What it takes to Setup a CoE
In my last post I talked about why CoE and where. Today I want to talk about what it takes to set up the CoE. Just to recap, setup the CoE with delivery capabilities and have it execute on real projects that deliver true value to the business. A successful RPA CoE needs to establish three verticals,
- Infrastructure, and
- Operations Management
Governance and Business Continuity are disciplines that run horizontally across these verticals.
Dev Ops: Most organizations have defined standards for tool sets and methodologies for various Dev Op functions such as Collaboration, Source Code Control, Project and Change Management. Sometimes it a matter of identifying the correct platform for the function and some-times the requirements call for implementing new platforms to manage RPA projects. Although RPA platforms do come with some out of the box version and access control functionality, generally it is not sufficient to support continuous integration and thus this requires some work to establish tools and procedures.
Infrastructure and technical setup is another area where enterprises struggle. Initial implementation of RPA seems very easy. Setup a webserver with a SQL server backend with some VDIs and you’re off and running for your pilot. However, scaling this for the enterprise is a whole different ballgame. As the adoption of Automation increases, so does the dependency of the organization on bots. This requires implementation of a well thought out scalable, highly available environment that is segregated to address and enterprise security, regulatory or compliance mandated data and access segregation requirements. This also requires buy in from other parts of the technology organization in order to establish standard builds and guidelines for Bot ID provisioning. Data retention and audit requirements must be addressed to ensure Logs are kept and are reproducible upon request of the auditor
Operations Management is the third vertical where we see organizations requiring help. Most CoEs are run within the technology organization which initially thinks of establishing an operations center akin to the a traditional production support organization. The Digital Workforce demands a somewhat different model. This model requires different skill sets for addressing technical system and infrastructure issues vs business exceptions. Business Operations teams are closely involved in his operations center. Ideally the digital workers and humans should report up to the same operations manager. This mean scheduling and business exception management should be done by operational staff. Thinking through this model and establishing a delineation between IT and business responsibilities becomes critical. Our friend John Slagboom has written a whole thesis on this.
Governance runs across Dev Ops, Infrastructure and the Operations center. You need to establish procedures for how you will manage automation demand across the enterprise, provide a central design and best practice oversight and establish change control procedures.
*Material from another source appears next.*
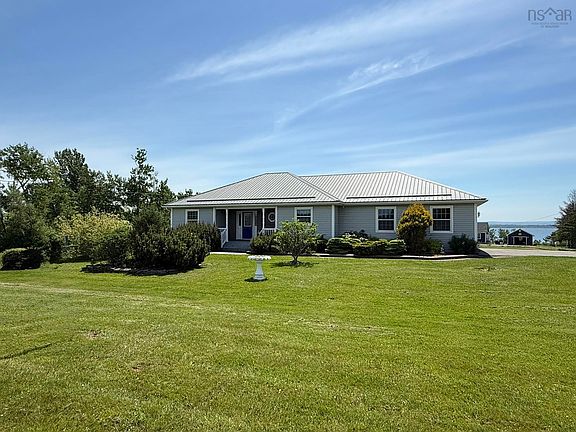 5th image of 3158 Malagash Rd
Lastly, Business Continuity and Disaster Recovery requires close coordination with infrastructure teams as well as routine drills. Standard procedures need to be defined with specific roles and responsibilities assigned.
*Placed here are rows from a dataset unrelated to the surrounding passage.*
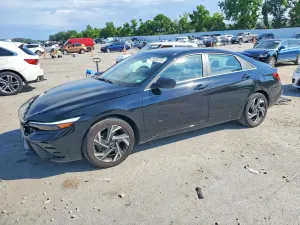 Hyundai Elantra 2.0L 4 2024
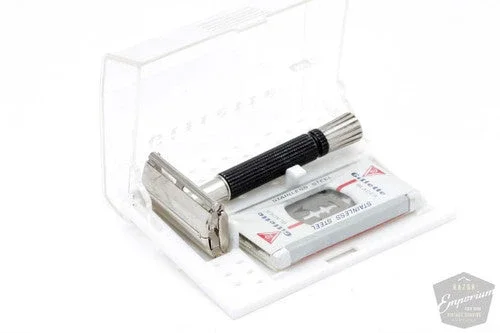 1976 Gillette W4 Black Handle Super Speed Safety Razor Set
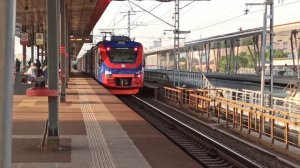 D1 МЦД «Окружная» Электричка РЭКС ЭКСПРЕСС прибывает на высокой скорости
All of this can be daunting. Our customers have done their research. They know that this is an involved process and look to providers like us to guide them through the implementation. We are pragmatic with our approach. We reccomend our clients create a roadmap that gets them to a mature state in gradually evolving stages while continuing to allow them to deliver automation to business units as they establish a fully functional enterprise wide Digital Workforce Operating Model.